Державин, конечно, не Ломоносов, и естественные науки для него, в лучшем случае, — источник метафор, но никак не поэтическая тема. Принимая в целом идею о том, что метафорический статус оптики для Державина гораздо важнее ее физической сущности, мы позволим себе не согласиться с последней частью утверждения A.-Л. Крон, содержащей противопоставление зрительных эффектов, производимых при помощи фонаря (или камеры-обскуры), — техническому устройству этих машин. Вероятно, в приложении к «Жизни Званской» все сказанное полностью справедливо. Но загадка «Фонаря», на наш взгляд, заключается именно в философском осмыслении механизма зрелища.
Не отражение и не преломление, — сложные и, без сомнения, принципиально важные для державинской поэтики оптические процессы[72], — но гениальный в своей простоте и потому совершенно не-барочный принцип действия волшебного фонаря — лежит в основе метафоры, к которой обращается здесь Державин. В настоящей статье нам хотелось бы обратить особое внимание, с одной стороны, на дату создания и контекст первых публикаций «Фонаря» и, с другой, — на структуру описанного здесь «оптического спектакля». Где-то на пересечении технологии и хронологии и лежит ключ к этому странному стихотворению-представлению, которое, в свою очередь, может многое объяснить в философии истории позднего Державина.
68
См.: Gamboni D. The Destruction of Art: Iconoclasm and Vandalism since the French Revolution. New Haven; London, 1997; Fritzsche Peter.
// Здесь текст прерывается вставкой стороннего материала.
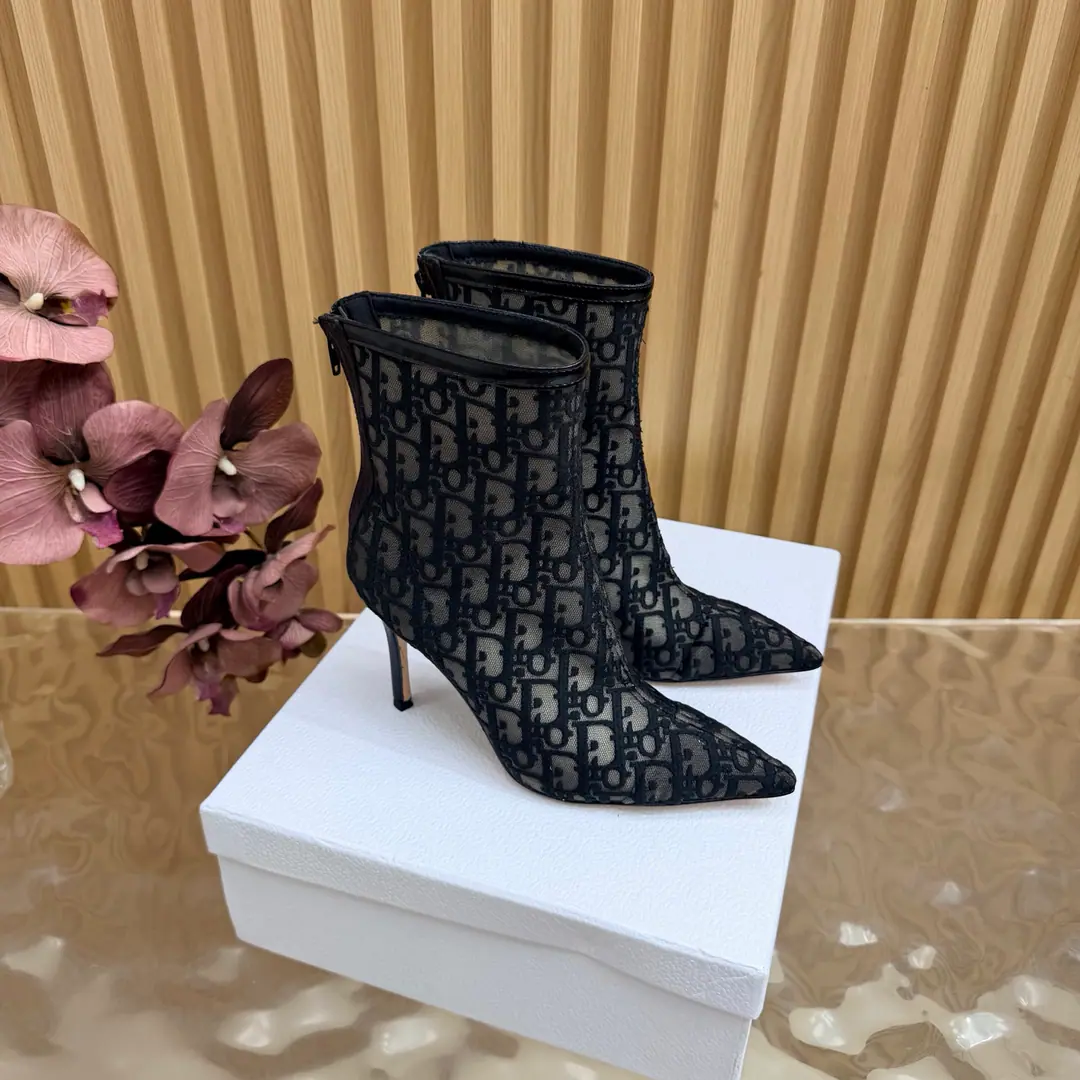 ⚠️Dior | Dio. ²⁰²³ 𝐬𝐬 2026Autumn and winter money. ⚠️ English boots./Boots.🎗Series, Who doesn't want a pair of cool English boots? The owner of the counter is making a new offer. Martin Inren's hardware is new.🆕 ❥Requisition level！It's a great sense of excellence.！A huge amount of money from domestic and international bloggers., Old and fashionable. 💎The upper toe blew up.！The boss's push.★ ▪️Shoe.: Original custom web veil embroidery ▪️Uchi.: Imports of sheep's skin ▪️Otsumi!: The original is really leather.（He's tall.8cm） ▪️Shoes.: 35-42（40, 41, 42Custom without re-offer）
Stranded in the Present: Modern Time and the Melancholy of History. Cambridge, 2004.
69
Именно в правление Екатерины возрос интерес и к беллетристическим, и к документированным исследованиям допетровской истории. Кульминацией этих изысканий стало открытие в начале 1790-х годов «Слова о полку Игореве».
70
Куда больший интерес это стихотворение традиционно вызывает у историков кино и тех исследователей, чья деятельность прямо или косвенно связана с не вполне определенной, но чрезвычайно популярной в наши дни областью знания, называемой «историей визуальности». Ср. упоминание о «Фонаре» в известной книге Ю. М. Лотмана и Ю. Г. Цивьяна «Диалог с экраном» (Таллин, 1994. С. 36).
71
Crone A.-L. The Daring of Derzhavin. The Moral and Aesthtic Independence of the Poet in Russia Bloomington, 2001. P. 105.
72
Здесь нельзя не сослаться на ставшую «классической» работу М. Гришаковой «Семантика отражения в поэзии Державина» (Труды по знаковым системам 23. Тарту, 1989. С. 139–144). На нее опирается в своих рассуждениях и А.-Л. Крон.